12. Epidemiology, pathophysiological background, types and clinical syndromes of heart failure

Page created on August 24, 2021. Last updated on April 18, 2022 at 15:32

Introduction and epidemiology

Heart failure is a clinical syndrome where the patient has symptoms and/or signs of insufficient cardiac output and/or backwards congestion. This is due to an underlying decrease in systolic or diastolic function of the heart.

Decreased systolic function refers to decreased ability of the heart to eject blood, reflected as a decreased left ventricular ejection fraction (LVEF, usually shortened to simply EF). Decreased diastolic function refers to decreased ability of the heart to fill with blood.

Not all people with heart failure have symptoms of volume overload, and as such, the term “congestive” heart failure is no longer used to mean all cases of heart failure.

People may have decreased systolic function (decreased EF) or decreased diastolic function without having overt heart failure. However, these are precursors to heart failure and should be treated accordingly.

The mortality of heart failure has decreased significantly with modern treatment. According to one study, the 1-year mortality without medical therapy was approximately 52%, but with optimal modern medical therapy the 1-year mortality was approximately 7%.

Etiology

Heart failure is most common in persons with certain risk factors, especially coronary heart disease, cigarette smoking, hypertension, overweight, and diabetes. The most common causes of HF are ischaemic heart disease (like myocardial infarction) and hypertension.
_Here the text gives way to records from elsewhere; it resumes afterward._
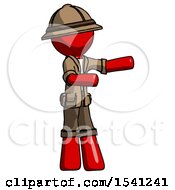 Red Explorer Ranger Man Presenting Something To His Left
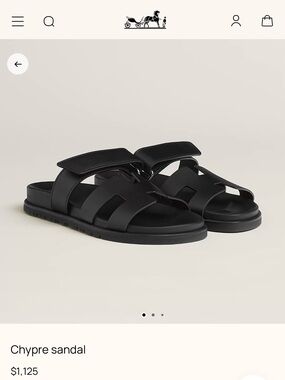 NWT Hermes - Chypre sandal, black leather, size 37 (US7)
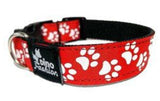 Obojek DINOFASHION Bílé tlapky 35/2,5cm: Obojek pro psy s motivem bílých tlapek, šířka 2,5 cm, délka 35 cm.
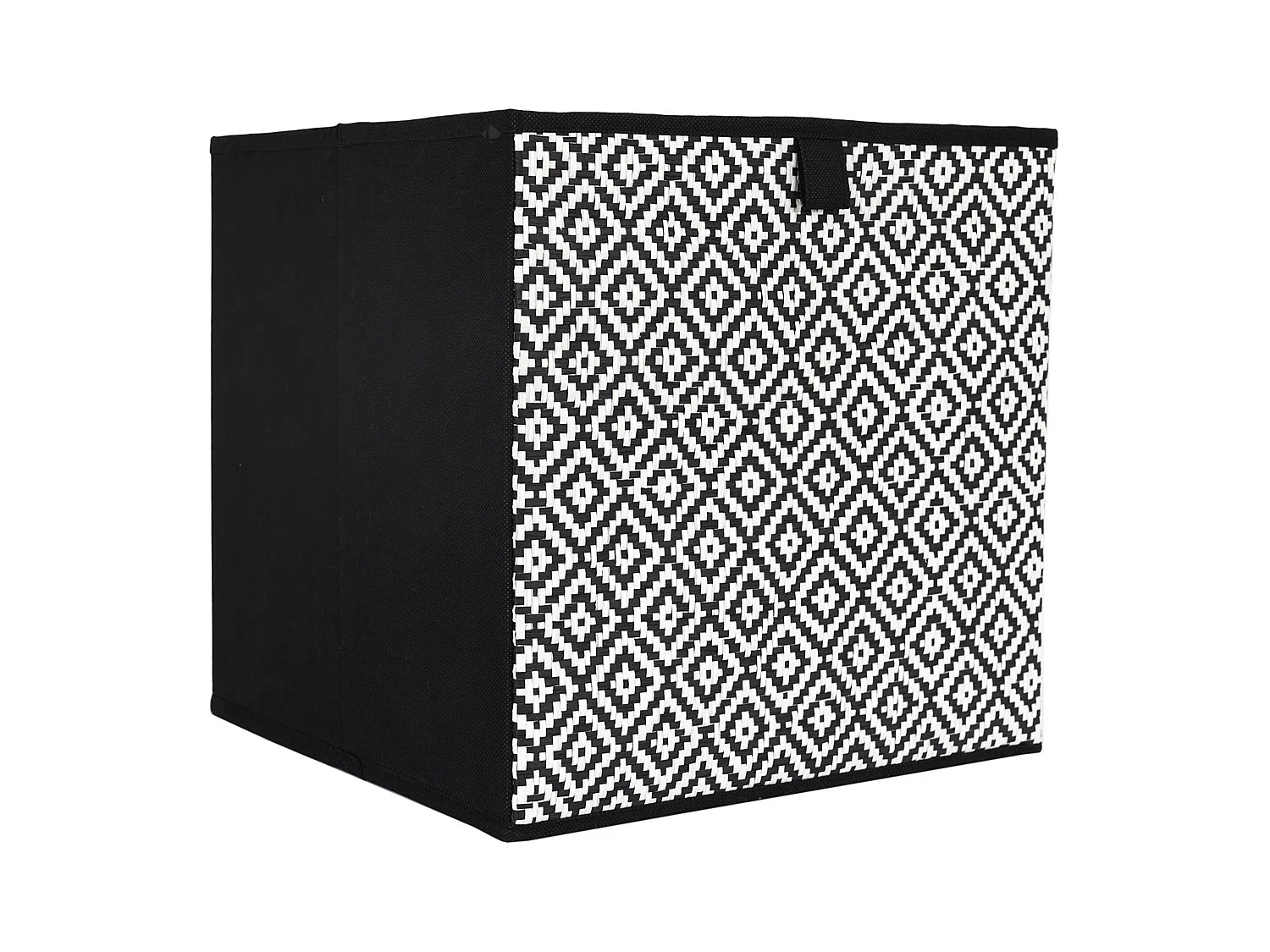 Cube de rangement 30x30x30 cm motif losanges collection BRAID noir 27L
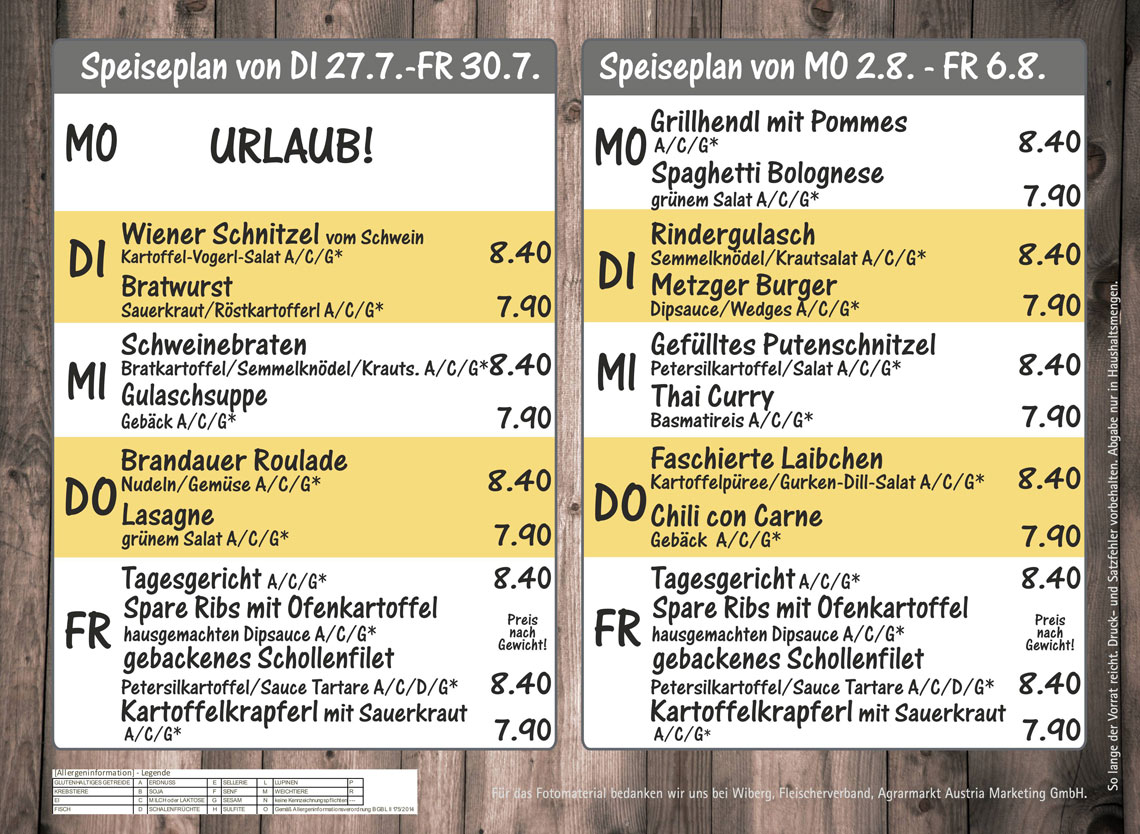 Speiseplan Metzgerei Brandauer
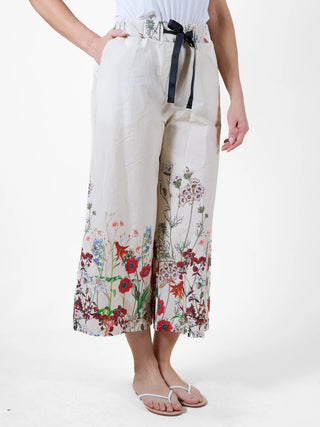 Ivory Cropped Wide Leg Pants with Floral Print I Angela Mara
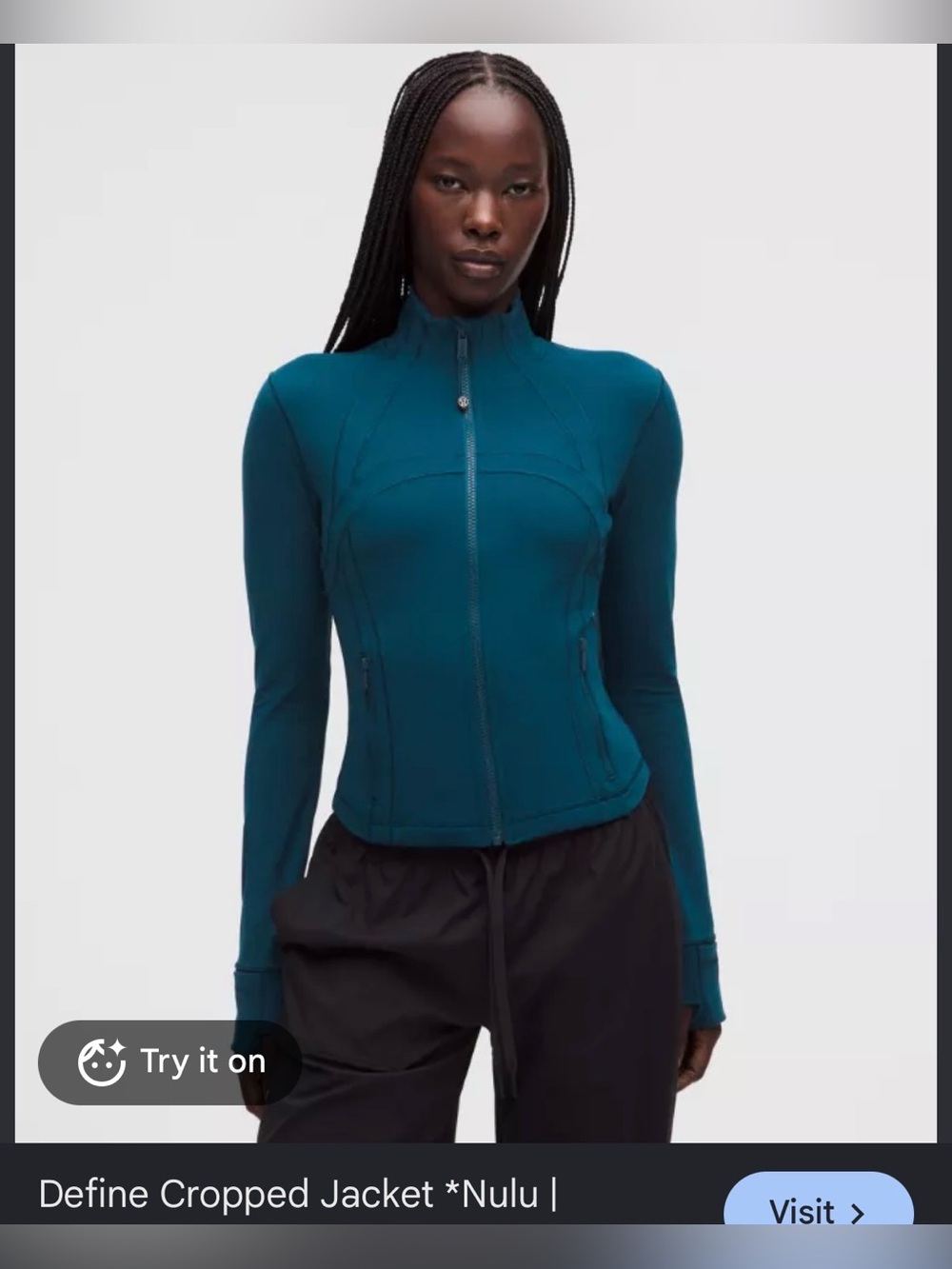 lululemon athletica Define Cropped Jacket - Teal/green/blue
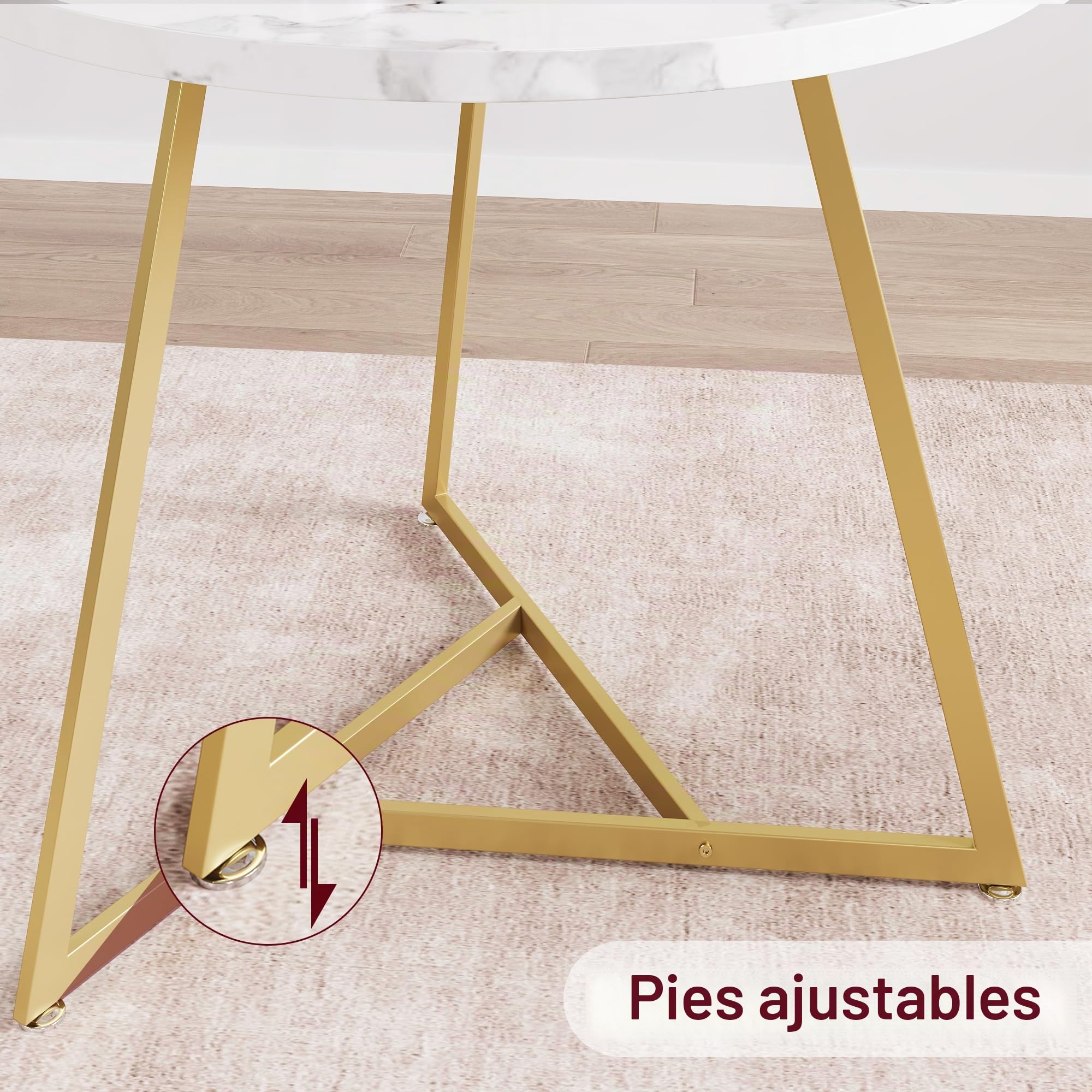 Garvee Mesa Comedor, Mesa de Comedor Redonda con Sillas, Estructura Principal Dorada y Superficie de Mármol Blanco, Ideal para Familia, Uso en Cocina y Salón Interior para Comidas Diarias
This is a more comprehensive list of conditions which can cause heart failure:

  • Intrinsic myocardial disease
    • Myocardial infarction
    • Cardiomyopathy
    • Myocarditis
    • Toxic agents
      • Alcohol
      • Cocaine
      • Anthracyclines
      • Cyclophosphamide
  • Arrhythmias
    • Atrial fibrillation
    • Significant bradycardia
    • Bundle branch block
  • Excess cardiac workload
    • Pressure overload
      • Hypertension
      • Aortic or pulmonary stenosis
      • Hypertrophic cardiomyopathy
    • Volume overload
      • Aortic insufficiency
      • Mitral insufficiency
      • Tricuspid insufficiency
      • Congenital left-to-right shunts
  • Increased body demand of CO (“high output heart failure”)
    • Thyrotoxicosis
    • Anaemia
    • Pregnancy
    • AV fistula

In those who already have heart failure, many precipitators can trigger an episode of decompensation. This occurs most commonly due to excessive fluid intake or a myocardial infarction. However, any of the above mentioned causes can precipitate decompensation, in addition to:

  • Excessive salt intake
  • Physical or emotional stress
  • Infection

Pathophysiology

When the cardiac output becomes insufficient to supply the needs of the body, the body will try to increase the cardiac output by compensatory mechanisms. These compensatory mechanisms achieve the goal of increasing cardiac output initially and to some extent, but they’re deleterious in the long run. For this reason, many of the pharmacological targets in heart failure inhibit these compensatory mechanisms.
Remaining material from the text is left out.